In addition to that there are certain constructions that I might not be familiar with. Recently I used ‘the crown on the creation’ in a draft, until my husband pointed out that in English it is ‘the crown of the creation’. Since this isn’t an expression often used in everyday conversation, I never knew this. My editor has on several occasions pointed out things to me which were simply wrong, and which were Dutchisms that had crept into my work. However, such things are rare (and on occasion they turned out to be Britishisms instead, which as an American she was unfamiliar with), and that is exactly why editors and beta-readers are so important to a writer.

So, with that established, the choice of whether to write in English or in Dutch was never really an issue. I speak English all day, which made it the logical language to write in. Added to that is the fact that there are many more speakers of English than of Dutch, so the reader audience is far more extensive. English also has an astonishing vocabulary, far greater than Dutch as far as I know. Or maybe both languages have the same inherent number of words, but English uses a much greater range far more frequently than Dutch does.

Let me try and illustrate. I have just opened my thesaurus at a random point, and came across the word reinforceSynonyms given include fortify and strengthen. That’s three words which mean more or less the same thing, and which can easily be used in a fairly everyday situation without anyone looking at you as if you’ve gone all Shakespeare on them. In Dutch, all three words are translated as one word: versterken. Dutch has no such word as fortificeren to use as an alternative.

Let’s take another example: slender. Synonyms in my (mini) thesaurus are slim, willowy, lean, thin, skinny, lissom and svelte.
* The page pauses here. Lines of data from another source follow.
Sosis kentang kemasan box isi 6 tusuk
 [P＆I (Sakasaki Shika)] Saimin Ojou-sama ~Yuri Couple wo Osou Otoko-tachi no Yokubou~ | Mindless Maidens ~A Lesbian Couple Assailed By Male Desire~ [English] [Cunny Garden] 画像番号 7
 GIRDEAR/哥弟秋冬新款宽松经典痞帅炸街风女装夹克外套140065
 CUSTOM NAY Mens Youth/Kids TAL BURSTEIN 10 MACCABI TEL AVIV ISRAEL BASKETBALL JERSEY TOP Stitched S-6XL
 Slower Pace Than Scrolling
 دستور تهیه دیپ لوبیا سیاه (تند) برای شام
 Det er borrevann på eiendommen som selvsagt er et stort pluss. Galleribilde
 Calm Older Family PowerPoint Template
Now, let’s look at all those words. Personally, as a true synonym I would only consider slim, thin, skinny and possibly lean. Willowy and lissom to me add a note of gracefulness which isn’t necessarily inherent in slender, and svelte adds a further note of sophistication. (As an aside, svelte is an absolutely brilliant word, and I must find a way of somehow including it in one of my books. But I digress again.) Still, that’s eight words, six of which can easily be used in everyday conversation, depending on what kind of slender you want to talk about. Lissom and svelte are a little more highbrow, but most of my friends will have heard of these words and know what they mean, even if it is only approximately. In Dutch, I can think of only three words: slank (slender), mager (skinny) and dun (thin). Oh, and tenger, which adds a note of fragility. I’d say it probably means petite more than slender, even if slenderness is inherent when you are petite.

I could continue like this forever, but the point I’m trying to make is that English has a far wider range of words at its disposal, which a writer can use without sounding like they’re trying too hard. Dutch simply isn’t that versatile. Dutch is a great language for swearing in (as my cats could testify to, if they could speak), and there are certain things which are easier to say in Dutch than in English, but on the whole I find English much richer and more rewarding to work with.

Which brings me to the issue which always baffles my husband: I do not think that I could write the things I write in Dutch. Don’t get me wrong, Dutch is a wonderful language (though I am of course incapable of looking at it objectively), but it is not a language for writing Romance in, and certainly not a language for writing about sex. This is entirely my own personal opinion, but sex simply isn’t… well, sexy, in Dutch. If my book ever gets to the point of being a bestseller and it’s going to be translated into other languages, I wouldn’t touch the Dutch version with a barge pole, and I would let the translator get on with it quite happily. No, I really don’t need to get involved, thank you very much. (Plus, just because I speak two languages fluently doesn’t make me a qualified translator.)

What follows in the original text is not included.